Short web captions:
═══

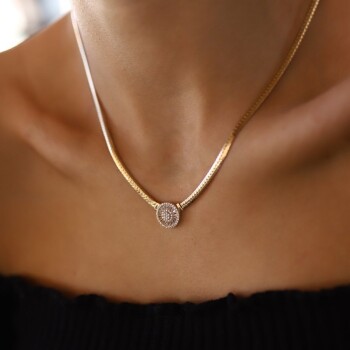 Snake Trapez Baget Set - Alen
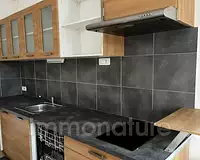 Appartement, 51,68 m²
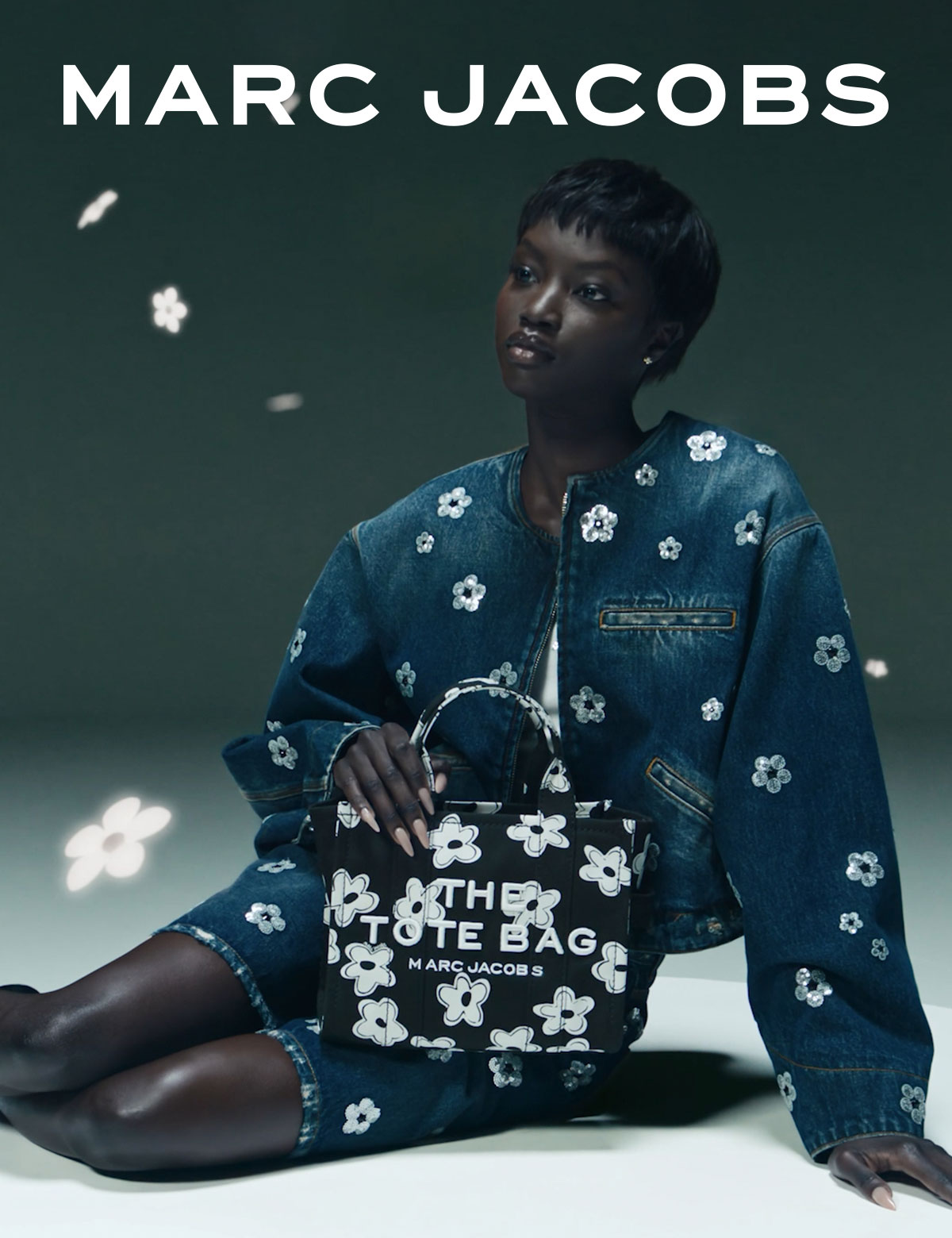 Marc Jacobs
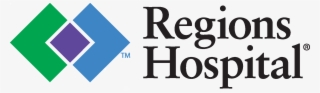 Mim, Minnesota International Medicine - Regions Hospital St Paul Logo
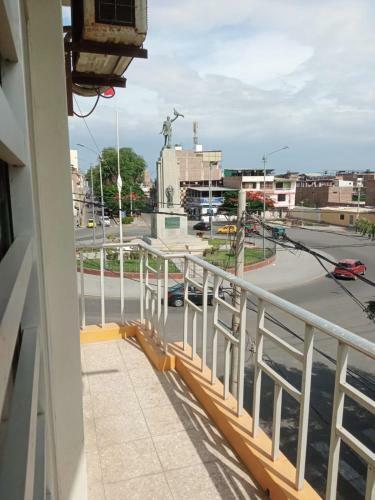 Reycer Hoteles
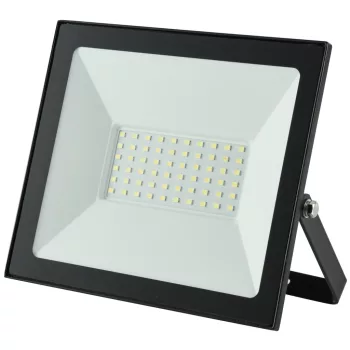 Avide Value LED Reflektor Slim SMD 50W hideg fehér 6400K
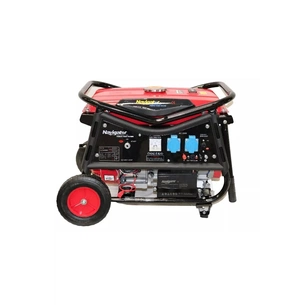 Генератор Navigator VEPG5500E2 2.8 kW зображення 1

═══

- [WORK INSTRUCTION]: Set each line of the records down again exactly as it reads. Omit the pictures.

- [SOLUTION TO THIS EXERCISE]:
 Snake Trapez Baget Set - Alen
 Appartement, 51,68 m²
 Marc Jacobs
 Mim, Minnesota International Medicine - Regions Hospital St Paul Logo
 Reycer Hoteles
 Avide Value LED Reflektor Slim SMD 50W hideg fehér 6400K
 Генератор Navigator VEPG5500E2 2.8 kW зображення 1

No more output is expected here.